● **About this exercise**: In the records below, find the line with "baño con lavabo, ventana" and the line with "Adidas Liverpool FC"; return exactly those lines and every line between them.

● **Stored data**:
* * *

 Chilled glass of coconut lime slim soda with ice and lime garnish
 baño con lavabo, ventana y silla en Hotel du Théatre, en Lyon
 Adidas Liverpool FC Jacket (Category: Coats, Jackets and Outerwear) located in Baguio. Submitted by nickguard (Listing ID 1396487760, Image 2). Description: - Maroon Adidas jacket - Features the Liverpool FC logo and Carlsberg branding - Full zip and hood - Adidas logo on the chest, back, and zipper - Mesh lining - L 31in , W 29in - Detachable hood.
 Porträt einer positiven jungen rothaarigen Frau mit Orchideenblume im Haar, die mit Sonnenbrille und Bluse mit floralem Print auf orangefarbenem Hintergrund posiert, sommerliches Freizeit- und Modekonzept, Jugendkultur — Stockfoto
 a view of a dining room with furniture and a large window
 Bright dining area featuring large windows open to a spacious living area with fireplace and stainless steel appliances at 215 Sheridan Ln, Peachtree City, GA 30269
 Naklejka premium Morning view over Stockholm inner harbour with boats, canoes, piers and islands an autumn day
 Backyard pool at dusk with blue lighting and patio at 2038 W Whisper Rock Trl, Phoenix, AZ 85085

* * *

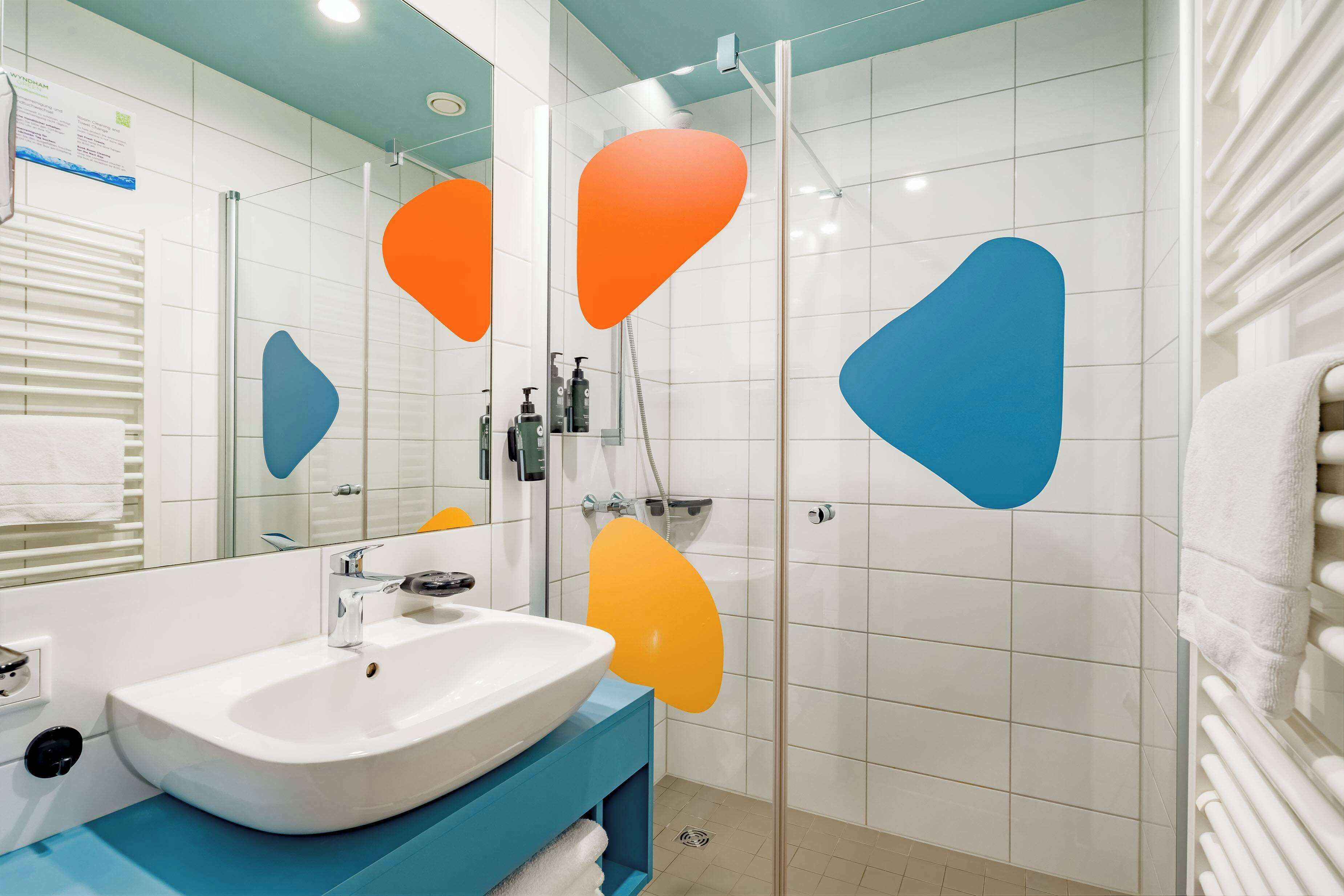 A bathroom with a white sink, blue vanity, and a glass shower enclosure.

* * *

● **Task output**:
 baño con lavabo, ventana y silla en Hotel du Théatre, en Lyon
 Adidas Liverpool FC Jacket (Category: Coats, Jackets and Outerwear) located in Baguio. Submitted by nickguard (Listing ID 1396487760, Image 2). Description: - Maroon Adidas jacket - Features the Liverpool FC logo and Carlsberg branding - Full zip and hood - Adidas logo on the chest, back, and zipper - Mesh lining - L 31in , W 29in - Detachable hood.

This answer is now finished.